(Collection entries)

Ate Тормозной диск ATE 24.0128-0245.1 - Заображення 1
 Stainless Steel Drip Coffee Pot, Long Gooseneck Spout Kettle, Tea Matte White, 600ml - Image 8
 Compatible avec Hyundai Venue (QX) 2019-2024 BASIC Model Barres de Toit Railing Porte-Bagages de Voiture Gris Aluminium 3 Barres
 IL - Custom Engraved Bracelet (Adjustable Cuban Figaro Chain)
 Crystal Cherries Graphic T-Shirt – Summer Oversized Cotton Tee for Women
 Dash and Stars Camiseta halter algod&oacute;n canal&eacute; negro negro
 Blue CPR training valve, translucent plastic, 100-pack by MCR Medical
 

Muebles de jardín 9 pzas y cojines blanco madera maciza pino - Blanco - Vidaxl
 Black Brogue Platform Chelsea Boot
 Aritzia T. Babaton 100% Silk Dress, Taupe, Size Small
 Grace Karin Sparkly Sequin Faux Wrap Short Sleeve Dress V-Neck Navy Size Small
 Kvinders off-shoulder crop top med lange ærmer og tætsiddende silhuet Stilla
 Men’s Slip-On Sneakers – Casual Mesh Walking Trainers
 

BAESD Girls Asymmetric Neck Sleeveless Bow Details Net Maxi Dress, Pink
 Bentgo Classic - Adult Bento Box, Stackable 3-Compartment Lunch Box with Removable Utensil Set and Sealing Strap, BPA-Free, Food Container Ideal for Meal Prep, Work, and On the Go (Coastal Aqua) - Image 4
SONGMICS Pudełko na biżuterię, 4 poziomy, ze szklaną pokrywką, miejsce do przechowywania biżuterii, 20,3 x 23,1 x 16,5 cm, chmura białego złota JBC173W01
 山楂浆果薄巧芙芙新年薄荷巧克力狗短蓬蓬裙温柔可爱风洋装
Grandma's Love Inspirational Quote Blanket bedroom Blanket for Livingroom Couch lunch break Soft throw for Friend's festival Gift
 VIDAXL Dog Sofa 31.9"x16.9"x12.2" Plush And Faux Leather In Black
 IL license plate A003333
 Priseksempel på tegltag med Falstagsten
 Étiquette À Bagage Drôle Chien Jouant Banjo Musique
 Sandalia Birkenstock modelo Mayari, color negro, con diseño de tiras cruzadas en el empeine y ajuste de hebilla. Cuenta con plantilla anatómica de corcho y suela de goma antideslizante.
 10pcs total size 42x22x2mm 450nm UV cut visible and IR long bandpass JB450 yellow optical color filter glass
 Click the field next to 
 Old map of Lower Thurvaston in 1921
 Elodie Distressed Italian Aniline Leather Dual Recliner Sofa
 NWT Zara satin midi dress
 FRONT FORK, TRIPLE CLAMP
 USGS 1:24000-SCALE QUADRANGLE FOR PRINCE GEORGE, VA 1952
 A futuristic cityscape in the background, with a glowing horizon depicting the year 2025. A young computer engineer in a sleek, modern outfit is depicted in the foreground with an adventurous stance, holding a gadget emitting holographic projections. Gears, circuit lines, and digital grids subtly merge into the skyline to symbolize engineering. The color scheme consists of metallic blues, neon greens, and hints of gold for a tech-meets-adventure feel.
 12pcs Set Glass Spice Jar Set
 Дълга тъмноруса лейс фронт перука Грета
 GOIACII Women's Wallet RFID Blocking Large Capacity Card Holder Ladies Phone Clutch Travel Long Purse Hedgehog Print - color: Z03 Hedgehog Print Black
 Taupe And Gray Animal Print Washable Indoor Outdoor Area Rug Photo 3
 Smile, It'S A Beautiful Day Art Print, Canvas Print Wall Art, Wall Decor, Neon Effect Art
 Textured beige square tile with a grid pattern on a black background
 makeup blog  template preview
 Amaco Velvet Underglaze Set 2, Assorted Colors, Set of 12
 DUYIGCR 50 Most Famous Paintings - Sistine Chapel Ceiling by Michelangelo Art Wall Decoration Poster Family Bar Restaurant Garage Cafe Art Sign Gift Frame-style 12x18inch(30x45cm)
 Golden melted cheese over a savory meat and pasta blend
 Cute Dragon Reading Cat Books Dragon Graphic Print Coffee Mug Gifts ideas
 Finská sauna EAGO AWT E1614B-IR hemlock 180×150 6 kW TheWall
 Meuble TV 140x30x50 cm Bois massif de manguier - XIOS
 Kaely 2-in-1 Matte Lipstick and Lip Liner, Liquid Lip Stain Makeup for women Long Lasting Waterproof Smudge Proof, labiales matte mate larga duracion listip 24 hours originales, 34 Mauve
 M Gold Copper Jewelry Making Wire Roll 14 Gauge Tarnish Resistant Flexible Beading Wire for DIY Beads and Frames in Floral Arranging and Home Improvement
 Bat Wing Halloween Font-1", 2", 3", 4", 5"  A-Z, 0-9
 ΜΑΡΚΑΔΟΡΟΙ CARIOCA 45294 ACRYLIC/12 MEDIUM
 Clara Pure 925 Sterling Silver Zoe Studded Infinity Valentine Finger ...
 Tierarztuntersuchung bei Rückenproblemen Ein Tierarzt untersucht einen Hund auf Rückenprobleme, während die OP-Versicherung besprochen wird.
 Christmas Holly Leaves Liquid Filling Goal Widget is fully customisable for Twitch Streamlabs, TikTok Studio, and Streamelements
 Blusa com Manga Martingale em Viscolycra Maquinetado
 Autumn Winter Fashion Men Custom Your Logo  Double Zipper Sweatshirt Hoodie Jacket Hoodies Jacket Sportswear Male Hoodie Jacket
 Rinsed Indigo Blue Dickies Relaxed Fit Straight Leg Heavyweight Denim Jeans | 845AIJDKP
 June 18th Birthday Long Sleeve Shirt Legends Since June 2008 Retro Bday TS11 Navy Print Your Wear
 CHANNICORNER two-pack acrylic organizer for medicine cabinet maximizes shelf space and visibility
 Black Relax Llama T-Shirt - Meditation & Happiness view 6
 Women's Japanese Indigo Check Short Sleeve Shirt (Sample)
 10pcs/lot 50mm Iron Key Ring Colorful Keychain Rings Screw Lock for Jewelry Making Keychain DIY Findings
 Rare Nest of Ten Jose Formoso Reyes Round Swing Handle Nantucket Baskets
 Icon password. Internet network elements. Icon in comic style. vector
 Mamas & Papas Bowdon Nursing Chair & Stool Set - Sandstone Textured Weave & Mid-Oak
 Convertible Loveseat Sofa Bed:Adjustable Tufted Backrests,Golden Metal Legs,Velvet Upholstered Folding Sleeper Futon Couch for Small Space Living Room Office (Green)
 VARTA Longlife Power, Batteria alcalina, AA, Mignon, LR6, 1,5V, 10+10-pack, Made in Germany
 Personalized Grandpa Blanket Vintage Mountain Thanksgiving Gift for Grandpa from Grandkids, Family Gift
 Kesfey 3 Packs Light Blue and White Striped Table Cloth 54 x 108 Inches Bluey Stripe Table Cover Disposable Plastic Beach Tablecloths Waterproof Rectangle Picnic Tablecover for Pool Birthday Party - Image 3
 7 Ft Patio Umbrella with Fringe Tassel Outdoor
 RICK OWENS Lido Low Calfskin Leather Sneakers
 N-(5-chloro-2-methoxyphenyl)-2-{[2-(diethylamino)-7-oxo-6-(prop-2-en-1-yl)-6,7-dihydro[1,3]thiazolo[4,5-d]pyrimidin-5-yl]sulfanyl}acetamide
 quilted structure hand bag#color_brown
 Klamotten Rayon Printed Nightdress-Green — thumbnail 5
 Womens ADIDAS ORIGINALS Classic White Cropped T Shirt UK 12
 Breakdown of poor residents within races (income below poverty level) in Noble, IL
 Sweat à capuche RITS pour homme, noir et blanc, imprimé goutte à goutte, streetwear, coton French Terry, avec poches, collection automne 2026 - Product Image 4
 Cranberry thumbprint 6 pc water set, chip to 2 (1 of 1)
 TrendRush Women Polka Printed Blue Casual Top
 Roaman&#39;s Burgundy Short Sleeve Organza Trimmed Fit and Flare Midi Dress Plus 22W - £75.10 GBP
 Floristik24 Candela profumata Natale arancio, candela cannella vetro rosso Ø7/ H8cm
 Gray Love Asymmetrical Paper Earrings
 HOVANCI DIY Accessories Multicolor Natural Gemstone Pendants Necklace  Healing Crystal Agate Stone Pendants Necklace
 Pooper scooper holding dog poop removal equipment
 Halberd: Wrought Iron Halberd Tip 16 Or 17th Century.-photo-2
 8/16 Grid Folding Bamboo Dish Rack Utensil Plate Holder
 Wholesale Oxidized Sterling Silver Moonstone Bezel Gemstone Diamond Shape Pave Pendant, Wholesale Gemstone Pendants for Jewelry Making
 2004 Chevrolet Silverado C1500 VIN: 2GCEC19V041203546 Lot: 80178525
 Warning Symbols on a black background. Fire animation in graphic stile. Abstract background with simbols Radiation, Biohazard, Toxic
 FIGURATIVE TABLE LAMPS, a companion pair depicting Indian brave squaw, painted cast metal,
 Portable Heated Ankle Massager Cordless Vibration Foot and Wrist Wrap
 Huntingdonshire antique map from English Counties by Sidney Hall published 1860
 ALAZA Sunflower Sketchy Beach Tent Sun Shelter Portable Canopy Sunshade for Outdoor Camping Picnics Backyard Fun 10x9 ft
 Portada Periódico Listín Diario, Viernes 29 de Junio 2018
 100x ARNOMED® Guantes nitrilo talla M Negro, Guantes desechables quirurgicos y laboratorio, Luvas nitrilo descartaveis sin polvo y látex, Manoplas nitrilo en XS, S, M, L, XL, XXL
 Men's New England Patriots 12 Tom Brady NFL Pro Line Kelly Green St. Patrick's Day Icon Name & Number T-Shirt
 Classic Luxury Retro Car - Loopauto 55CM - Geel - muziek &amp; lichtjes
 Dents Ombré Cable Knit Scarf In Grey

* [WHAT THE TASK REQUIRES] If a line falls between the first line of the entries and the line containing "BAESD Girls Asymmetric", or is one of those two, restate it word for word; leave all other lines out.

* [SOLUTION TO THIS EXERCISE]
Ate Тормозной диск ATE 24.0128-0245.1 - Заображення 1
 Stainless Steel Drip Coffee Pot, Long Gooseneck Spout Kettle, Tea Matte White, 600ml - Image 8
 Compatible avec Hyundai Venue (QX) 2019-2024 BASIC Model Barres de Toit Railing Porte-Bagages de Voiture Gris Aluminium 3 Barres
 IL - Custom Engraved Bracelet (Adjustable Cuban Figaro Chain)
 Crystal Cherries Graphic T-Shirt – Summer Oversized Cotton Tee for Women
 Dash and Stars Camiseta halter algod&oacute;n canal&eacute; negro negro
 Blue CPR training valve, translucent plastic, 100-pack by MCR Medical
 

Muebles de jardín 9 pzas y cojines blanco madera maciza pino - Blanco - Vidaxl
 Black Brogue Platform Chelsea Boot
 Aritzia T. Babaton 100% Silk Dress, Taupe, Size Small
 Grace Karin Sparkly Sequin Faux Wrap Short Sleeve Dress V-Neck Navy Size Small
 Kvinders off-shoulder crop top med lange ærmer og tætsiddende silhuet Stilla
 Men’s Slip-On Sneakers – Casual Mesh Walking Trainers
 

BAESD Girls Asymmetric Neck Sleeveless Bow Details Net Maxi Dress, Pink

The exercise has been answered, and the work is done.